**What the task asks**
Word for word, copy the records and drop the pictures.

(Short text fragments from websites)
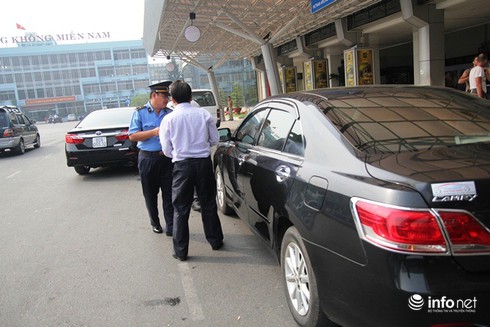 TP.HCM tiếp tục xử phạt hàng loạt ô tô hoạt động kiểu “taxi Uber” - ảnh 1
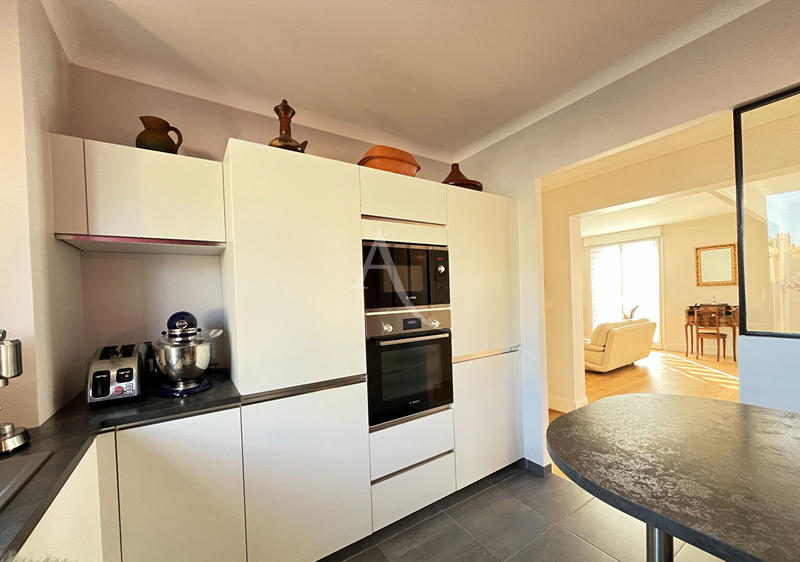 Appartement - 96 m² - 4 pièces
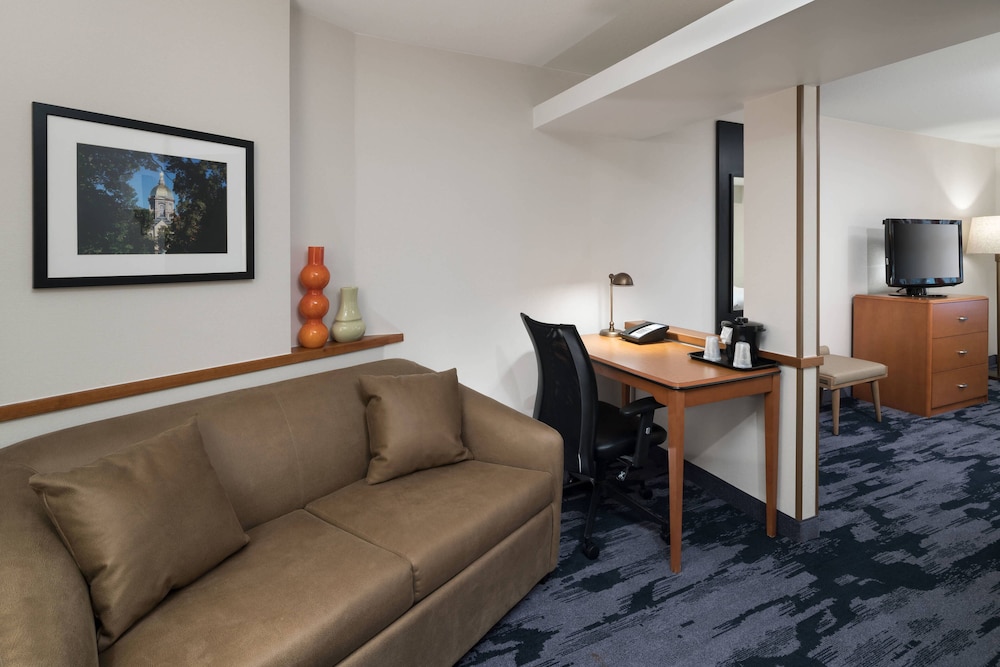 Fairfield Inn Suites South Bend At Notre Dame 17/34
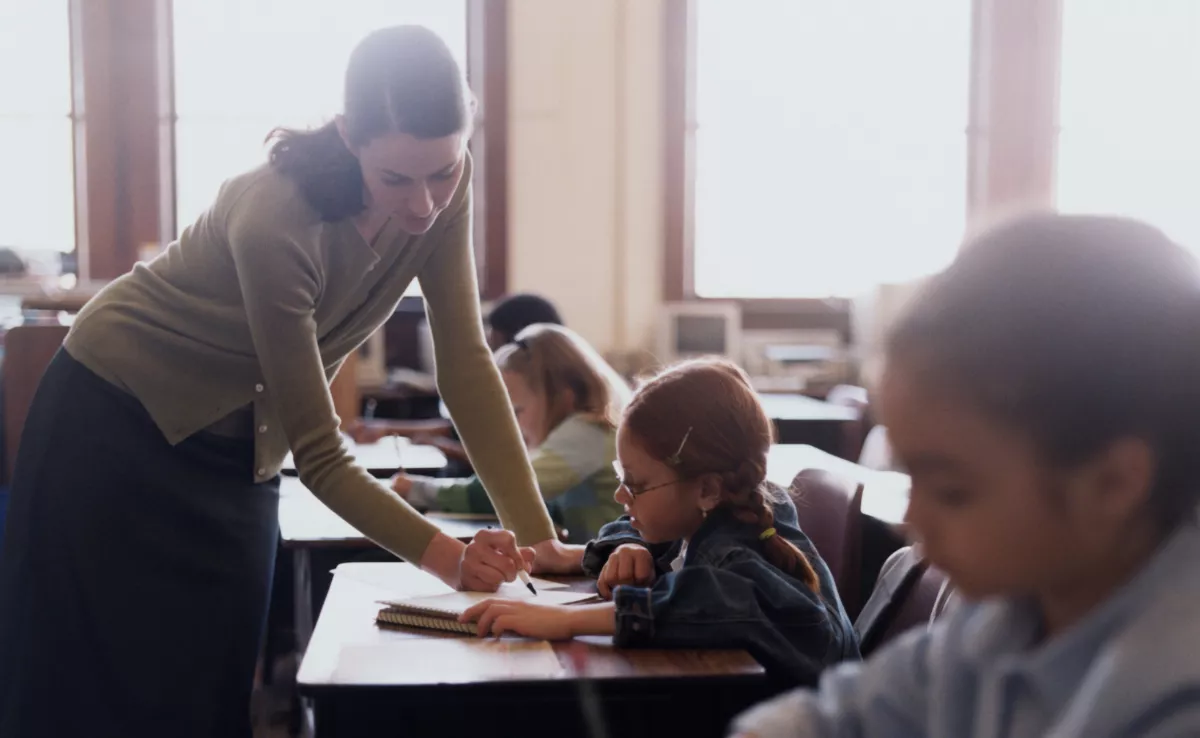 Una profesora durante una clase.  IMAGEN DE LA RED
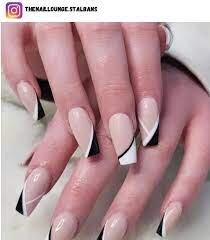 Diagonal-French-Manicure-3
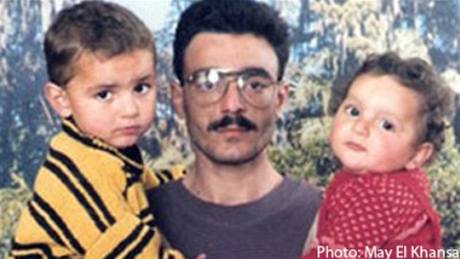Libanonský vtec Alí Hussajn Sibát se dvma ze svých pti dtí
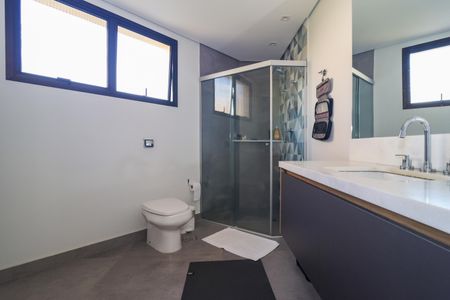 Apartamento à venda com 240m², 4 quartos e 4 vagasBanheiro da Suíte 1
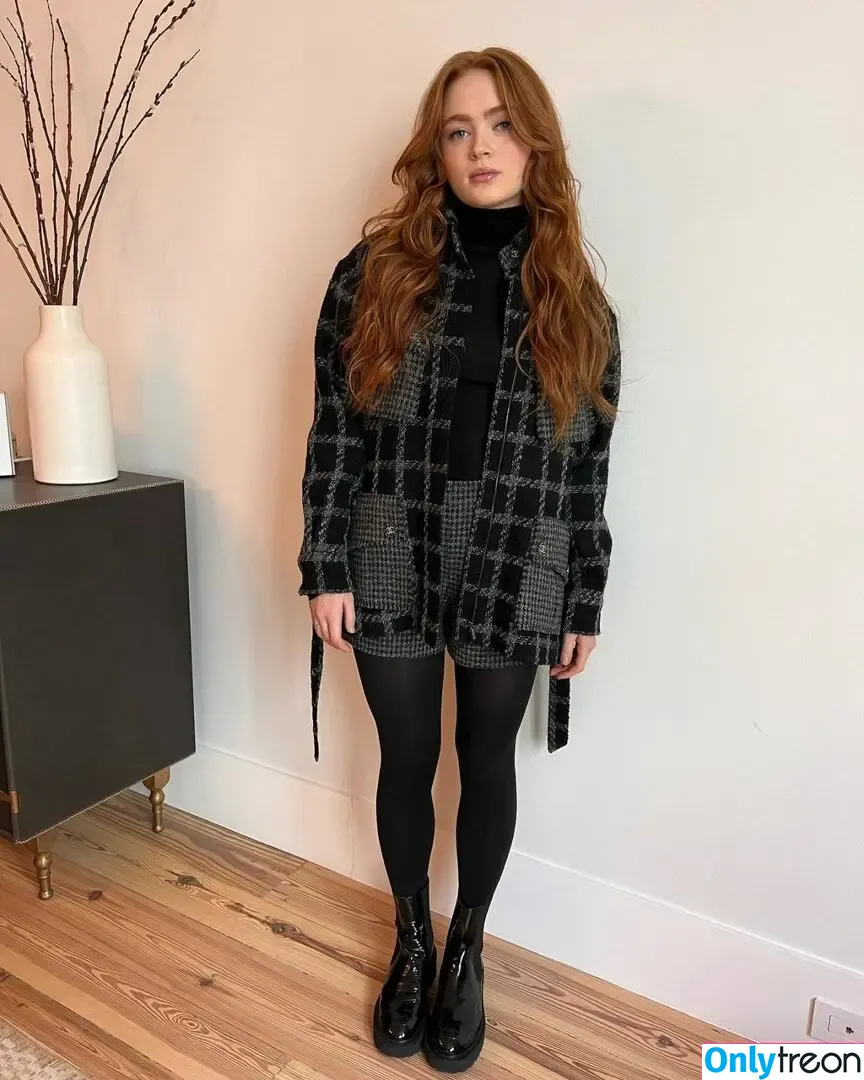 Sadie Sink nude photo #0246 (sadiesink / sadiesink_)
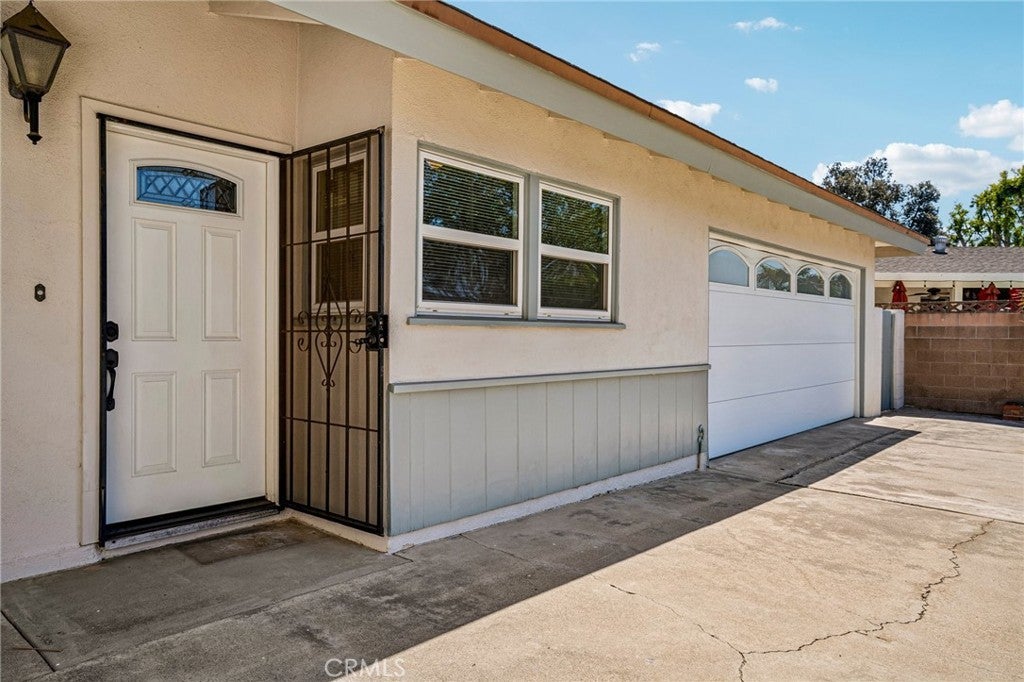 312 N London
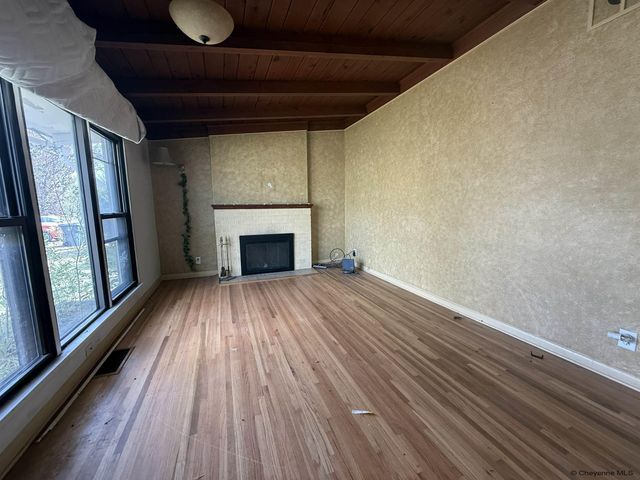 1955 NEWTON DR, Cheyenne, WY 82001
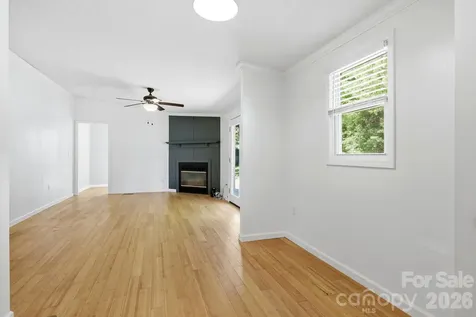 118 Heather Drive Asheville NC 28806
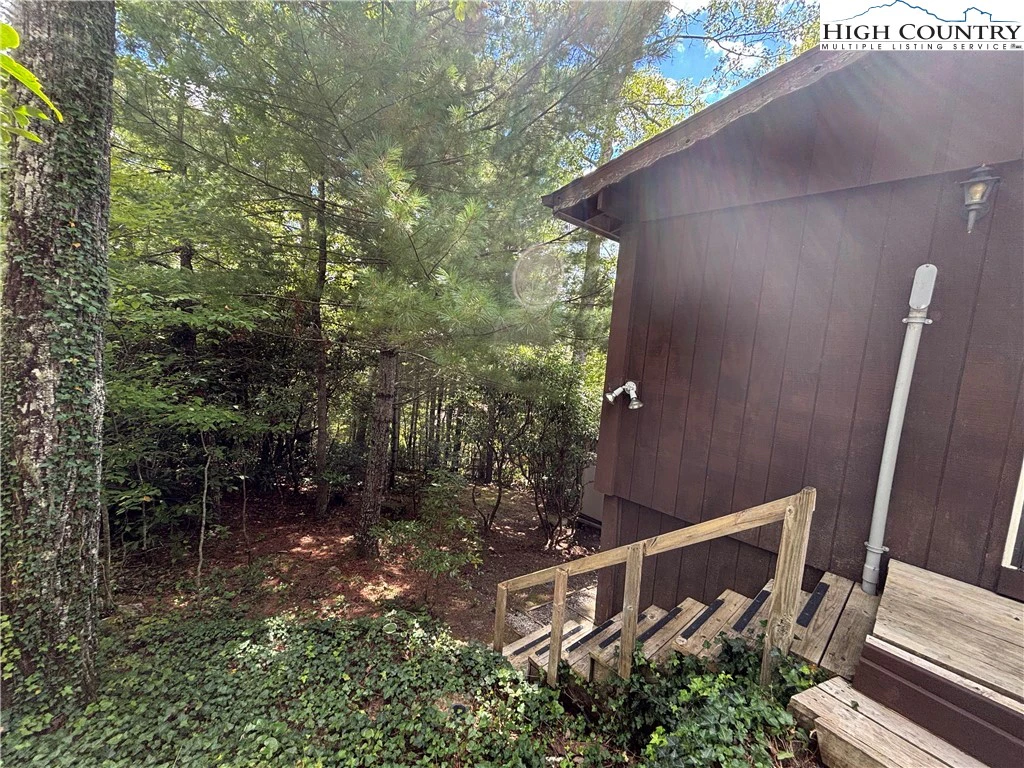 Image number 6 for the current listing
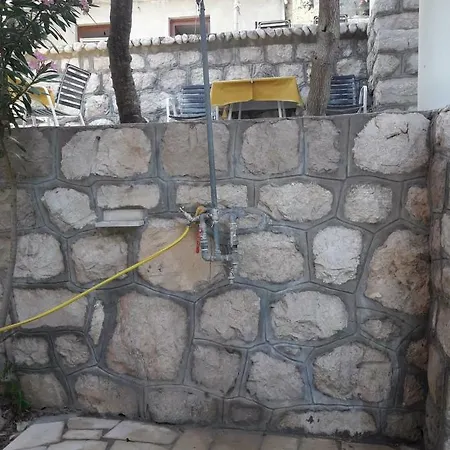 Jadran Konukevi *
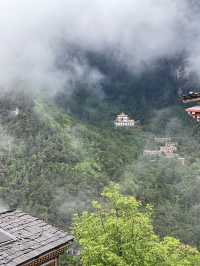 住進香格里拉深處，懸在雲端的仙居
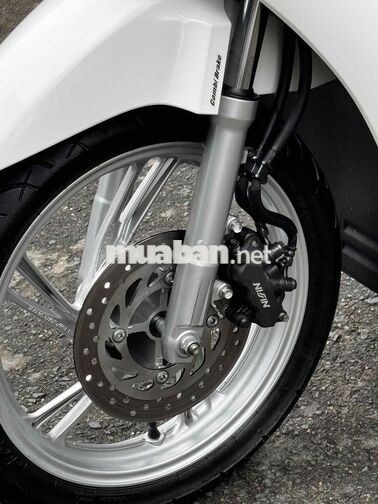 Honda SH 125i 2022 màu trắng ( có góp nợ 6 )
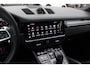 Porsche Cayenne Coupé 3.0 E-Hybrid Platinum Edition / Panoramadak / 360Camera / Bose / 21'' / Sportdesign+Chrono / Stoelventilatie / Stoelverwarming / Stuurverwarming / Luxe Leder / Luchtvering / Sportuitlaat / Dodehoek / DAB / ACC
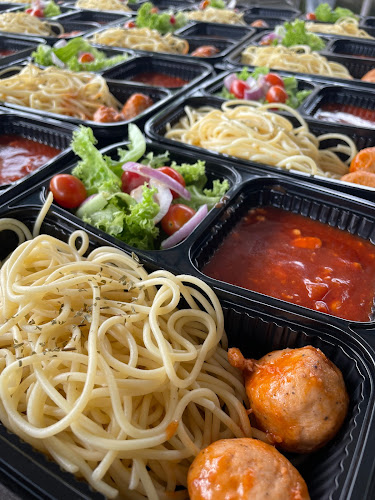 Comentarii opinii despre Tasties Food Catering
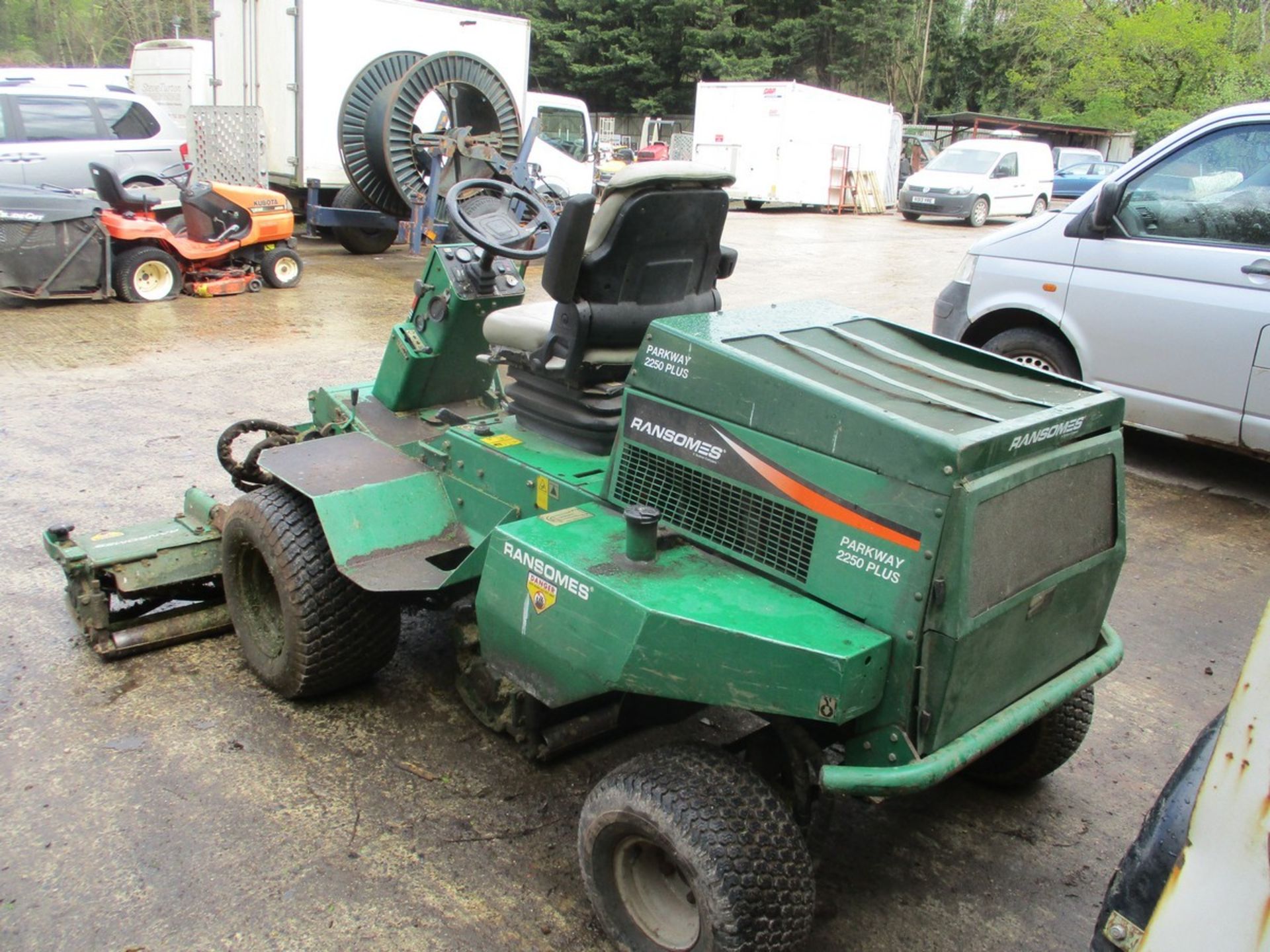 RANSOMES PARKWAY 2250 PLUS RIDE ON MOWER - Bild 4 aus 6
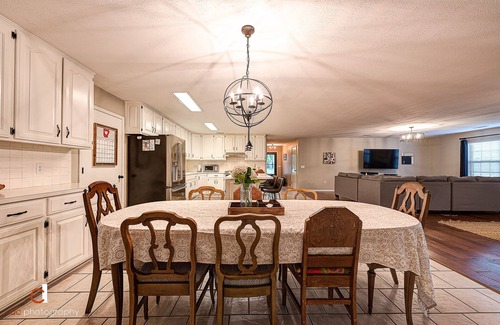 Fayetteville House | Spacious 5-Bedroom Home Near U of A with Great Amenities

**Answer to this task**
 TP.HCM tiếp tục xử phạt hàng loạt ô tô hoạt động kiểu “taxi Uber” - ảnh 1
 Appartement - 96 m² - 4 pièces
 Fairfield Inn Suites South Bend At Notre Dame 17/34
 Una profesora durante una clase.  IMAGEN DE LA RED
 Diagonal-French-Manicure-3
Libanonský vtec Alí Hussajn Sibát se dvma ze svých pti dtí
 Apartamento à venda com 240m², 4 quartos e 4 vagasBanheiro da Suíte 1
 Sadie Sink nude photo #0246 (sadiesink / sadiesink_)
 312 N London
 1955 NEWTON DR, Cheyenne, WY 82001
 118 Heather Drive Asheville NC 28806
 Image number 6 for the current listing
 Jadran Konukevi *
 住進香格里拉深處，懸在雲端的仙居
 Honda SH 125i 2022 màu trắng ( có góp nợ 6 )
 Porsche Cayenne Coupé 3.0 E-Hybrid Platinum Edition / Panoramadak / 360Camera / Bose / 21'' / Sportdesign+Chrono / Stoelventilatie / Stoelverwarming / Stuurverwarming / Luxe Leder / Luchtvering / Sportuitlaat / Dodehoek / DAB / ACC
 Comentarii opinii despre Tasties Food Catering
 RANSOMES PARKWAY 2250 PLUS RIDE ON MOWER - Bild 4 aus 6
 Fayetteville House | Spacious 5-Bedroom Home Near U of A with Great Amenities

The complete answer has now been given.